Frequently Asked Questions

What is the difference between mean, median, and mode?
Mean is the arithmetic average: sum all values and divide by count. Median is the middle value when data is sorted (or the average of the two middle values for even-count datasets). Mode is the value that appears most frequently. For the dataset 2, 3, 7, 7, 9: mean = 5.6, median = 7, mode = 7. Mean is affected by outliers, median is resistant to outliers, and mode identifies the most common value.
When should I use mean vs. median?
Use mean for symmetric, normally distributed data without extreme outliers (test scores, heights). Use median when data is skewed or has outliers (income, house prices, response times). Example: incomes of $40K, $45K, $50K, $55K, $500K — mean = $138K (misleading), median = $50K (representative). In general, if mean and median differ significantly, the data is skewed and the median better represents the "typical" value.
What if there is no mode or multiple modes?
If no value repeats, the dataset has no mode. If two values tie for highest frequency, the dataset is bimodal (two modes). Three or more tied values make it multimodal. Example: 1, 2, 3, 4 has no mode. 1, 2, 2, 3, 3 is bimodal (modes: 2 and 3). A dataset where every value appears equally often is sometimes called "no mode" or "all values are modes." This calculator handles all cases.
What is the five-number summary?
The five-number summary consists of: minimum, Q1 (25th percentile), median (50th percentile), Q3 (75th percentile), and maximum. It describes the spread and shape of a dataset. The interquartile range (IQR = Q3 - Q1) measures the spread of the middle 50% of data. Values below Q1 - 1.5×IQR or above Q3 + 1.5×IQR are considered potential outliers in a box plot.
What is the difference between population and sample standard deviation?
Population standard deviation (σ) divides by N (total count): σ = sqrt(Σ(x - μ)² / N). Sample standard deviation (s) divides by N-1: s = sqrt(Σ(x - x̄)² / (N-1)). The N-1 correction (Bessel's correction) compensates for the fact that a sample underestimates the population variance. Use population σ when you have data for the entire group.

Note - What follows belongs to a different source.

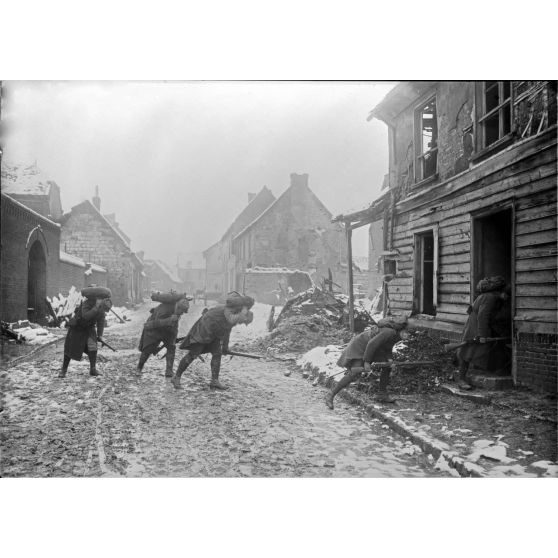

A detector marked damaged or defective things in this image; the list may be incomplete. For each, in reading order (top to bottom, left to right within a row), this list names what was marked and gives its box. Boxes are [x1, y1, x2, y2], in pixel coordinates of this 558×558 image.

broken window [414, 97, 440, 182]
broken window [480, 81, 516, 150]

Use sample s when your data is a subset of a larger population (which is most real-world scenarios).
How do I calculate the mean for grouped or weighted data?
For weighted mean: multiply each value by its weight, sum the products, then divide by the sum of weights. Formula: weighted mean = Σ(value × weight) / Σ(weight). Example: test scores weighted 20%, 30%, 50% for scores 80, 90, 70: (80×0.2 + 90×0.3 + 70×0.5) / 1.0 = 78. This is different from the simple mean of 80 which would treat all scores equally.